Sunday, April 26, 2026

Tropic Thunder: A Wives Tale

Hey guys.

The Wives, waiting for their departure flight at the Flint Airport.

So today's installment details a side adventure undertaken by our family matron and some of her friends, who abandoned their husbands and children for a weekend away down in Florida.

While their families hung back and road out another, gloomy April weekend here in scenic. . . Michigan.

Some of the local moms had undertaken this trip last year, a couple weeks later in the calendar than this year's trip, and Kris was unable to go due to it falling on the same weekend as Midland High's Prom (and, as you all know by now, that's a pretty big deal around these parts.) This year, however, the planned trip was scheduled for the third week in April, and with nothing else of importance going on, she finally got to go.
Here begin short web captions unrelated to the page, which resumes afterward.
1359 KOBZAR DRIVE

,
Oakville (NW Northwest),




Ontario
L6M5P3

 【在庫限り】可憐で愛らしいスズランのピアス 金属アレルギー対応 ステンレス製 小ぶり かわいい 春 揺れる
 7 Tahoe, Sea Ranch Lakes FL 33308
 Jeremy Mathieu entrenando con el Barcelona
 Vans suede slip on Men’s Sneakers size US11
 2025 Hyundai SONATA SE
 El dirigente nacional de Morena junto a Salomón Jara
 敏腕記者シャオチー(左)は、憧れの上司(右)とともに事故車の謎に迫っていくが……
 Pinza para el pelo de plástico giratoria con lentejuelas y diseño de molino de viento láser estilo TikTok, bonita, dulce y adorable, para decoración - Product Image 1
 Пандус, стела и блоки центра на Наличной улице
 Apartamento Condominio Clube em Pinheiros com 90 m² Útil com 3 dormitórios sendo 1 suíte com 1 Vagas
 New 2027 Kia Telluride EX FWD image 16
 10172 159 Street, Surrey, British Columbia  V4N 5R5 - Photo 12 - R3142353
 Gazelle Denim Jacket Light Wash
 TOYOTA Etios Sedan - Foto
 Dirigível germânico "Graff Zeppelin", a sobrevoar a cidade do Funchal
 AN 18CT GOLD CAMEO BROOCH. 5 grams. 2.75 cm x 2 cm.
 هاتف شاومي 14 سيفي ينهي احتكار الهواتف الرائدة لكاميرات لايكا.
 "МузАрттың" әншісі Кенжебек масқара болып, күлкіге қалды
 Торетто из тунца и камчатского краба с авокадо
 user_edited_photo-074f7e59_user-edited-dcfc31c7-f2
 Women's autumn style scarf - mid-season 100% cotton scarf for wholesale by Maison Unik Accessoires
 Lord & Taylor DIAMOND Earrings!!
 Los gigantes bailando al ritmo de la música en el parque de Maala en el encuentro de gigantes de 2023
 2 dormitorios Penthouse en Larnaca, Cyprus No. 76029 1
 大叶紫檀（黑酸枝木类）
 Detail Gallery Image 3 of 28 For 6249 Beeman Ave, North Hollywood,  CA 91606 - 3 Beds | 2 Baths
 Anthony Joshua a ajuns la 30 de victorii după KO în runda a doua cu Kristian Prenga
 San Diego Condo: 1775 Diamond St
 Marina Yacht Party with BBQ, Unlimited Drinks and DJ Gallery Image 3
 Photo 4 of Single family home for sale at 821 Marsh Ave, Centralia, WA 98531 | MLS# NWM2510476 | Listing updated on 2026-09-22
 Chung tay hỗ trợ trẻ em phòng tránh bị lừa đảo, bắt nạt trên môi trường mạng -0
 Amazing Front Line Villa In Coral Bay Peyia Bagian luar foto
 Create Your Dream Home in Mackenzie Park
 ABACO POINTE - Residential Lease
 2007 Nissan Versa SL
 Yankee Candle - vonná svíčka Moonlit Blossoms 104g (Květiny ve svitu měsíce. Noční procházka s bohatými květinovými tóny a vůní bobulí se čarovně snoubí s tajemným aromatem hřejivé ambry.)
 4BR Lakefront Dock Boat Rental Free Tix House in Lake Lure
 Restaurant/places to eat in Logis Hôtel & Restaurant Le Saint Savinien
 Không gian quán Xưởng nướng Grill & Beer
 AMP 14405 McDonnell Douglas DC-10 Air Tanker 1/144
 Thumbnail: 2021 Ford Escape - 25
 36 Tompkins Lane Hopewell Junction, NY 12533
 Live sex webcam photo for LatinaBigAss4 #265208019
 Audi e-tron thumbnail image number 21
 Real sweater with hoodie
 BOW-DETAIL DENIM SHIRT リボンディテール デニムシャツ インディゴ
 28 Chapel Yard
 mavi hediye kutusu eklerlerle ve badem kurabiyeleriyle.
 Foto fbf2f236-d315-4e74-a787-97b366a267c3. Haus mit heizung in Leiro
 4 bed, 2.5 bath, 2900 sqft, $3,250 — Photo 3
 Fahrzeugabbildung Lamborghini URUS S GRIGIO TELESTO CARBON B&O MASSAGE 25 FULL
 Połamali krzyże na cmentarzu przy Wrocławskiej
The trip entails the moms staying in Stephanie's parents' condo on the beach, somewhere around the vicinity of Daytona Beach, so transportation and lodging is all free of charge. Basically for the cost of a plane ticket and a little spending money for dining out and drinks and what not, she got herself four days and three nights in Florida.

(sans menfolk and children.)


Driving from the airport to the condo, about an hour drive.
Accompanying Kris on this lil' excursion was Stephanie (obviously, it's her parents' condo that's the main focal point of the weekend), Courtney, Danielle, Mees, and Lori. They left Thursday morning for Detroit, catching a direct flight down to Jacksonville, and were on the beach by the afternoon (while I was still at work, attempting to sell inner city teenagers on the last year of the Civil War, but whatever.) 

Now, obviously I wasn't involved with this trip at all, I wasn't there to understand the context of any of the pictures, so I'm gonna do what I usually do and just caption this shit to the best of my ability. Kris doesn't have the patience to sit next to me and explain the backstory behind every picture while I try and write a blog post, and honestly a situation like that would probably just descend into chaos. So, I'm gonna do my damnedest to explain what's going on on my own (she communicated some stuff with me throughout the weekend, so I have somewhat of a gist of what went down.)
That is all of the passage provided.